[[ Information, beginning ]]

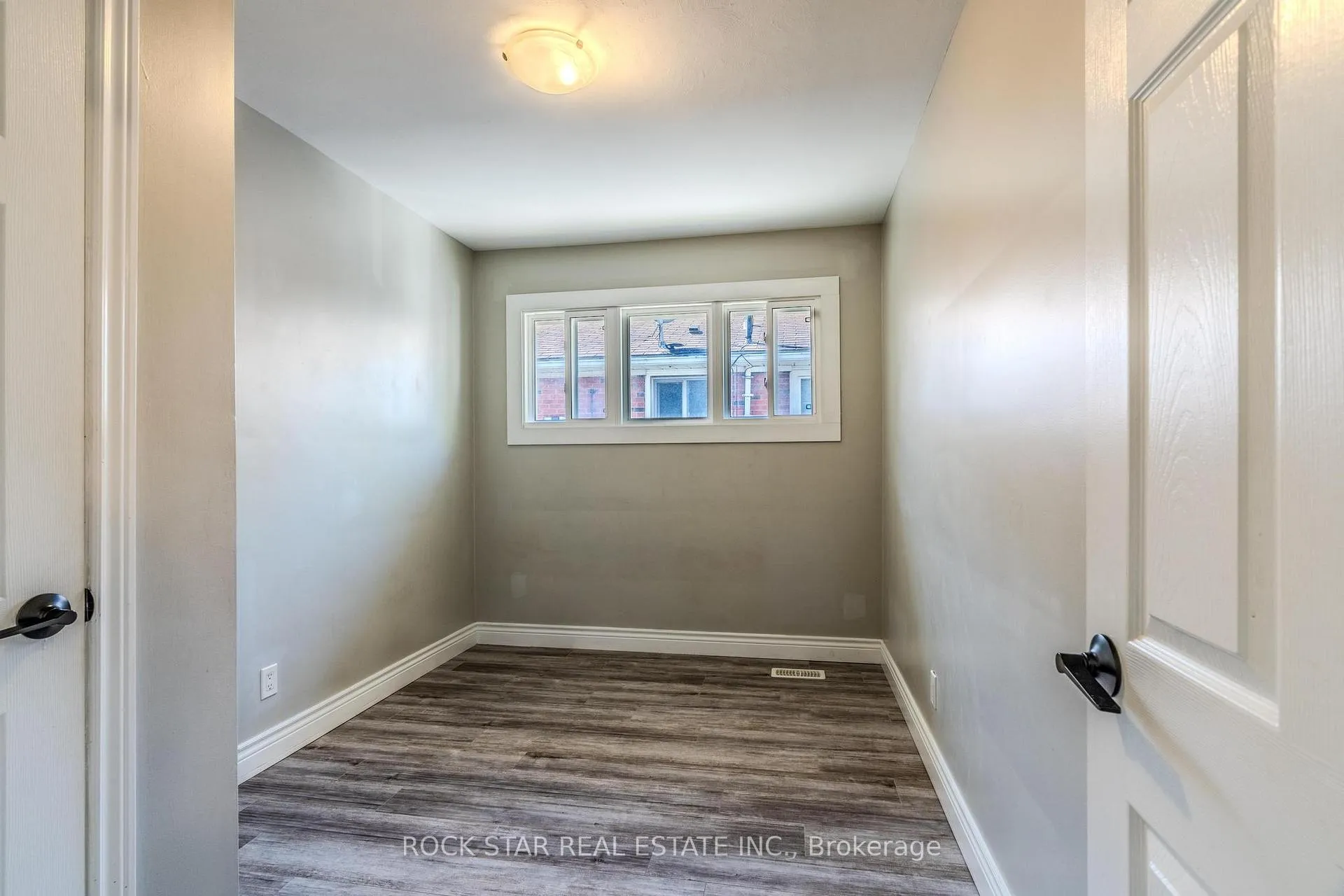 Photo 13 of 543 East 27th Street, Hamilton, Burkholme — HOMEH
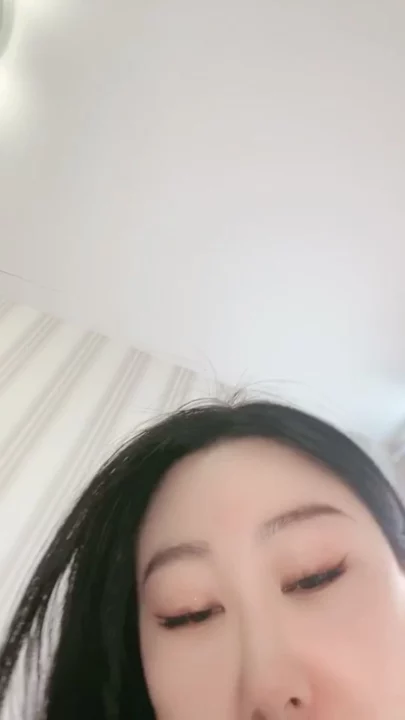Screenshot 12 from Asiatique amateur se masturbe en solo — Jeu avec lingerie et gode, visage visible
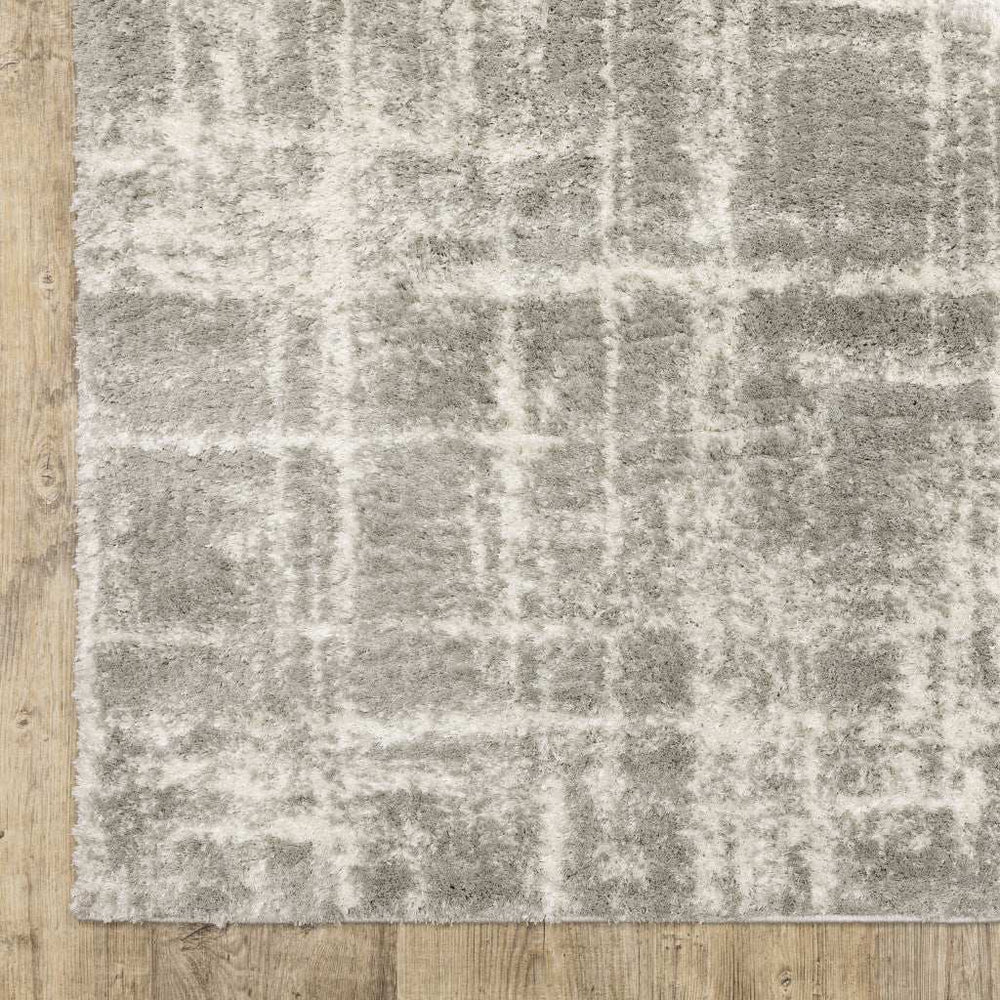 5' X 8' Grey And Ivory Abstract Shag Power Loom Stain Resistant Area Rug - Homeroots - Flyclothing LLC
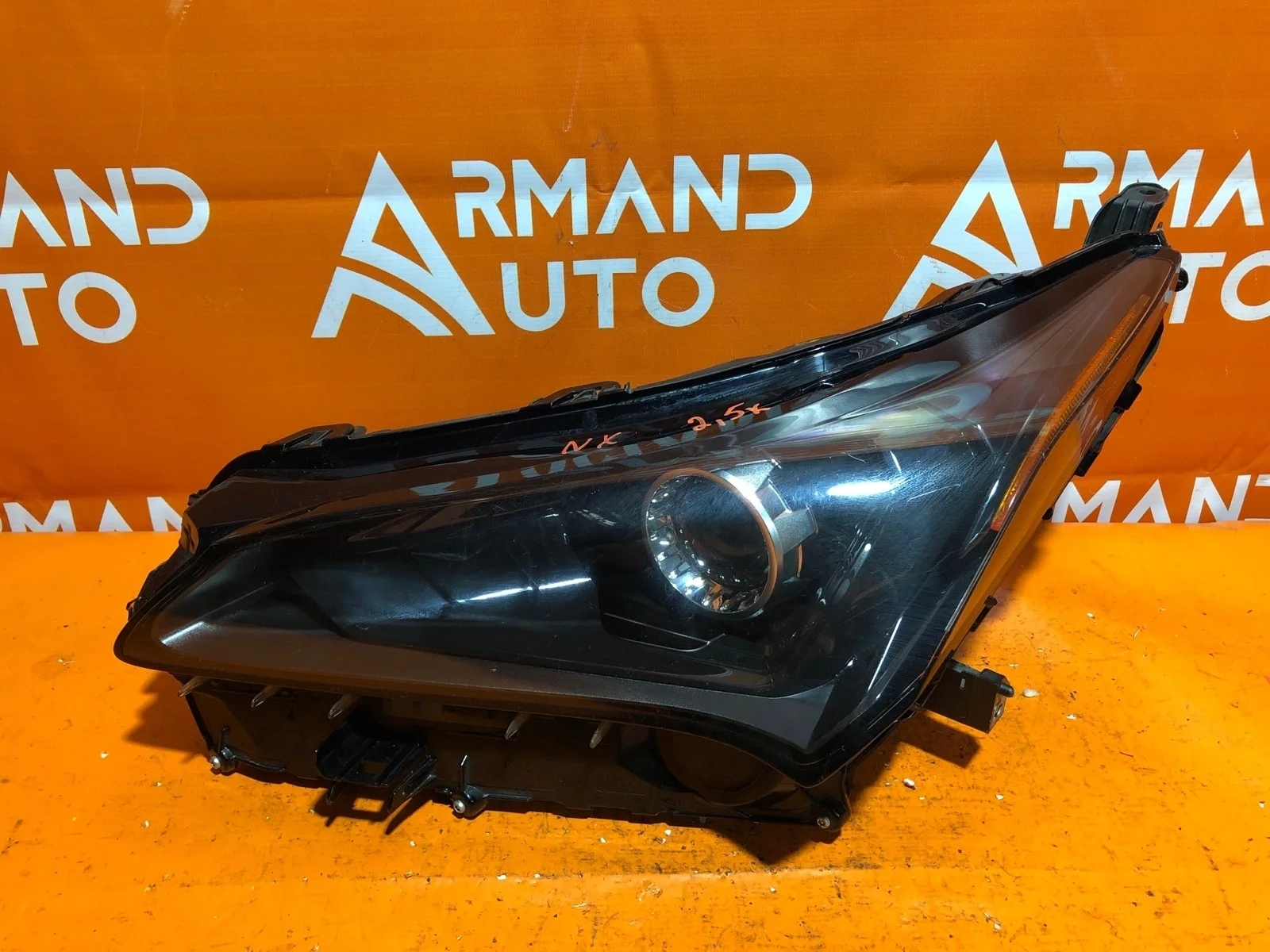 Фара Lexus NX 2017-2021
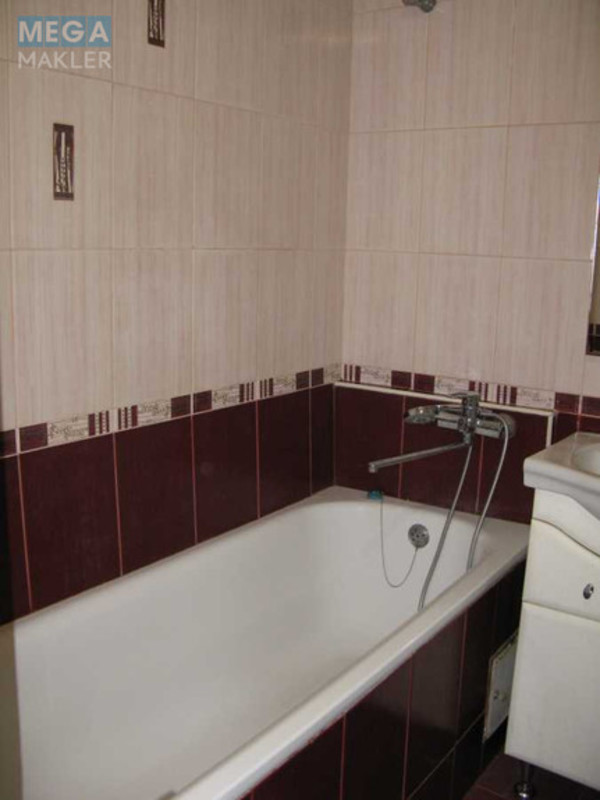 Оренда 2 кімнатної квартири, <a class="location-link" href="/kiev/" title="Недвижимость Київ">Київ</a>, <a class="location-link" href="/kiev/goloseevskij/" title="Недвижимость Голосіївський район">Голосіївський р-н</a>, Саперно-Слободская ул. (изображение 13)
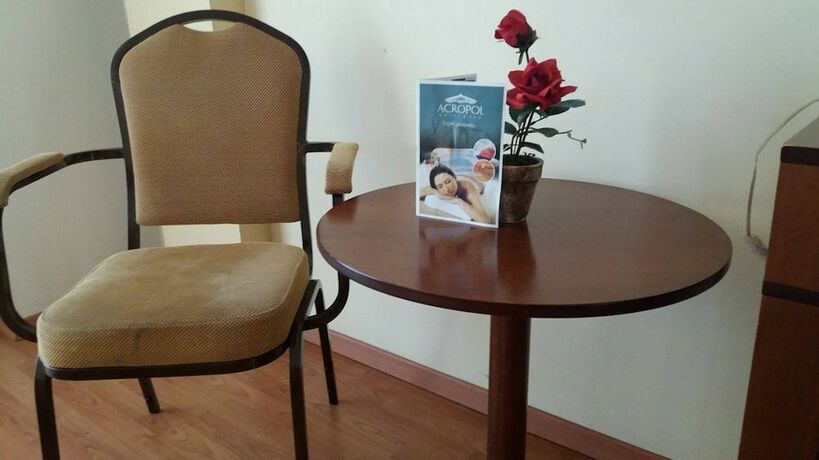 Imagen de la habitación del Hotel Acropol, Lefkonas. Foto 17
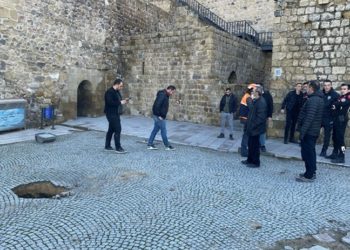 Tarihi kaleyi gezen kadın definecilerin üzerine düştü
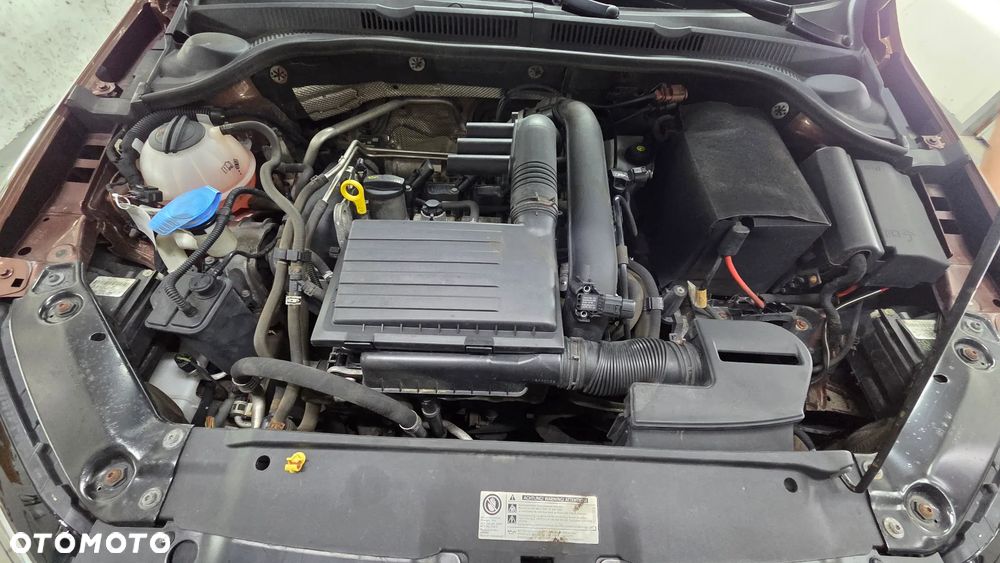 Volkswagen Jetta 1.4 TSI BMT Highline - 12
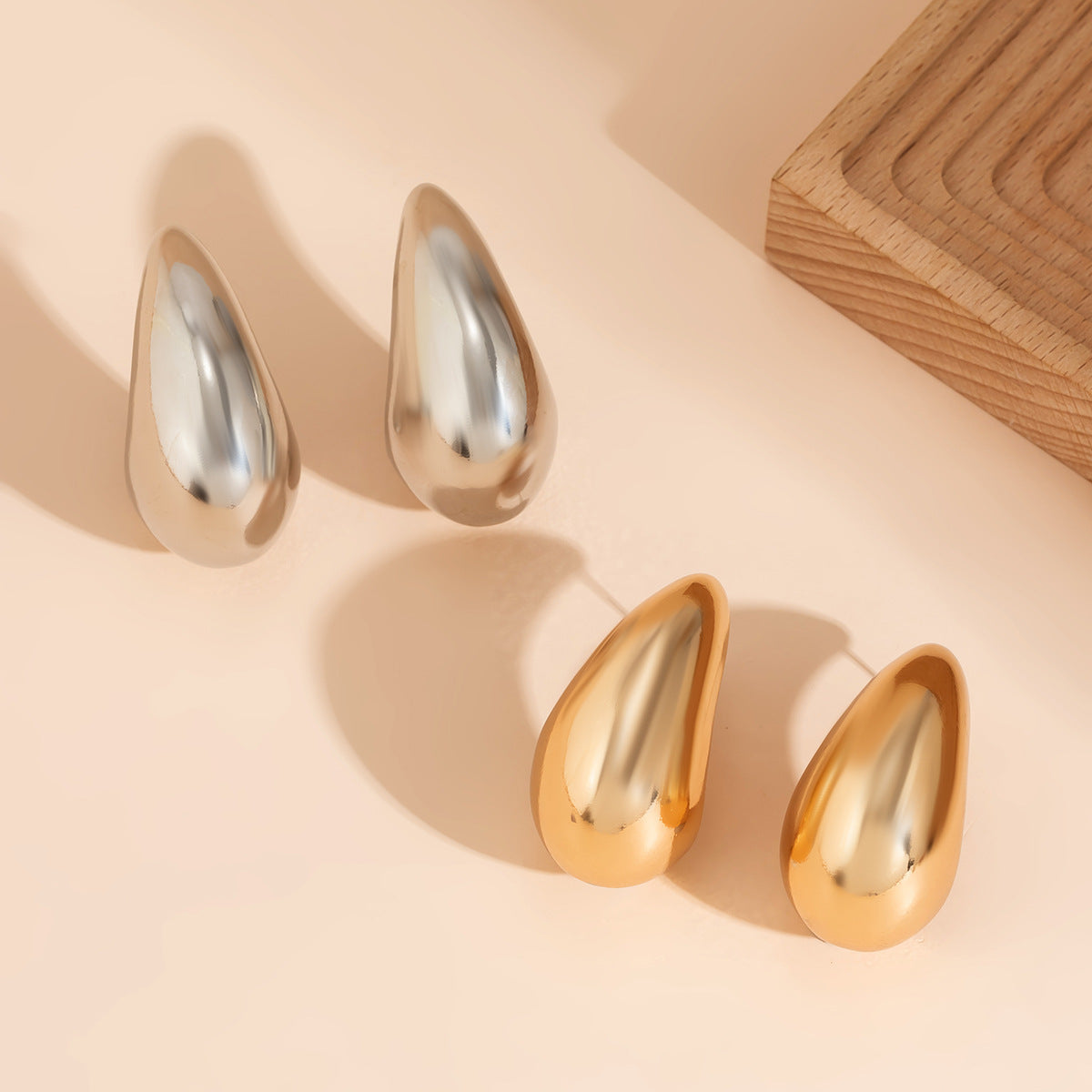 Wholesale Vintage Comma Teardrop Glossy Alloy Earrings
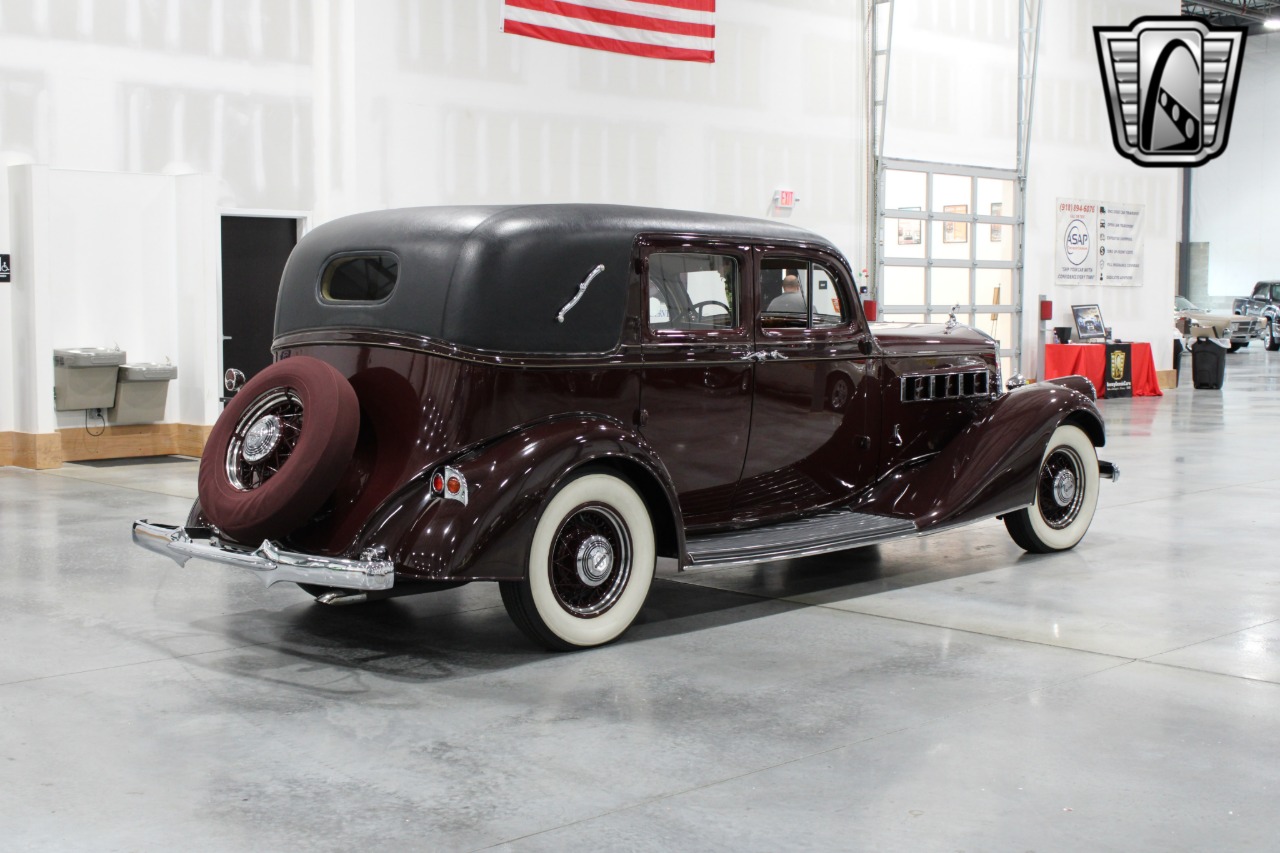 1935 Pierce-Arrow 845 4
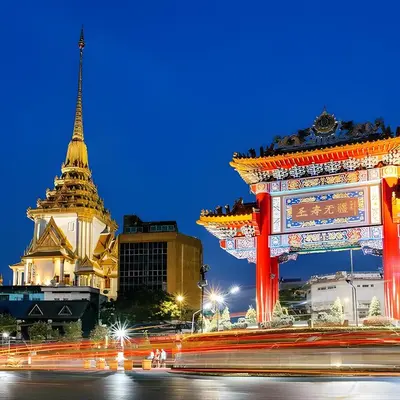 a large gate in front of a building at night at Mitr Inn Yaowarat - เยาวราช Pro in Samphanthawong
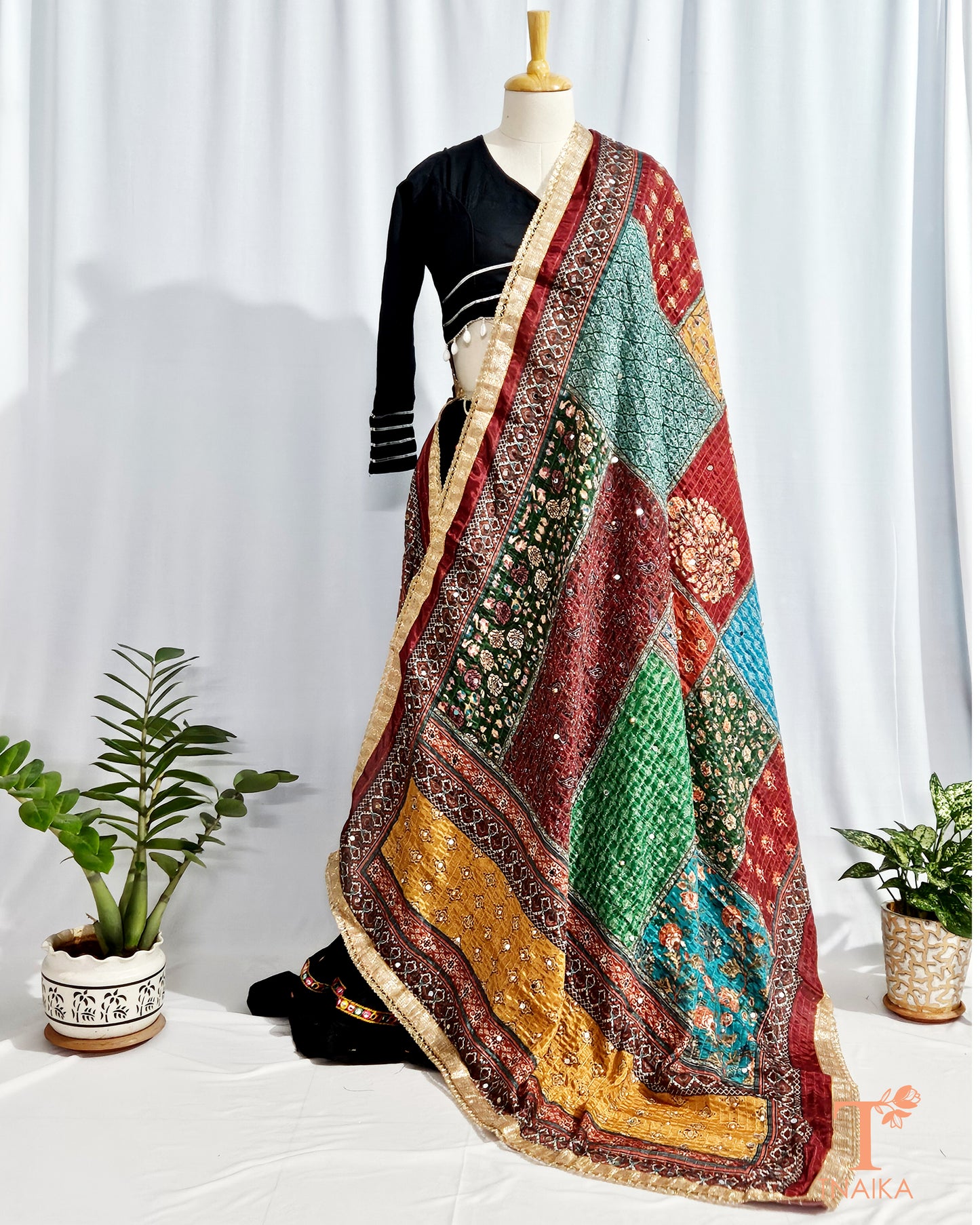 buy dupatta online indian dupatta designer dupatta printed dupatta embroidered dupatta chiffon dupatta silk dupatta festive wear dupatta party wear dupatta pakistani dupatta chikankari dupatta where to buy affordable dupattas online printed dupattas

[[ Information, end ]]

■ **Assigned task**: The material above is to be repeated word for word, with no images kept.

■ **Answer space**:
 Photo 13 of 543 East 27th Street, Hamilton, Burkholme — HOMEH
Screenshot 12 from Asiatique amateur se masturbe en solo — Jeu avec lingerie et gode, visage visible
 5' X 8' Grey And Ivory Abstract Shag Power Loom Stain Resistant Area Rug - Homeroots - Flyclothing LLC
 Фара Lexus NX 2017-2021
 Оренда 2 кімнатної квартири, <a class="location-link" href="/kiev/" title="Недвижимость Київ">Київ</a>, <a class="location-link" href="/kiev/goloseevskij/" title="Недвижимость Голосіївський район">Голосіївський р-н</a>, Саперно-Слободская ул. (изображение 13)
 Imagen de la habitación del Hotel Acropol, Lefkonas. Foto 17
 Tarihi kaleyi gezen kadın definecilerin üzerine düştü
 Volkswagen Jetta 1.4 TSI BMT Highline - 12
 Wholesale Vintage Comma Teardrop Glossy Alloy Earrings
 1935 Pierce-Arrow 845 4
 a large gate in front of a building at night at Mitr Inn Yaowarat - เยาวราช Pro in Samphanthawong
 buy dupatta online indian dupatta designer dupatta printed dupatta embroidered dupatta chiffon dupatta silk dupatta festive wear dupatta party wear dupatta pakistani dupatta chikankari dupatta where to buy affordable dupattas online printed dupattas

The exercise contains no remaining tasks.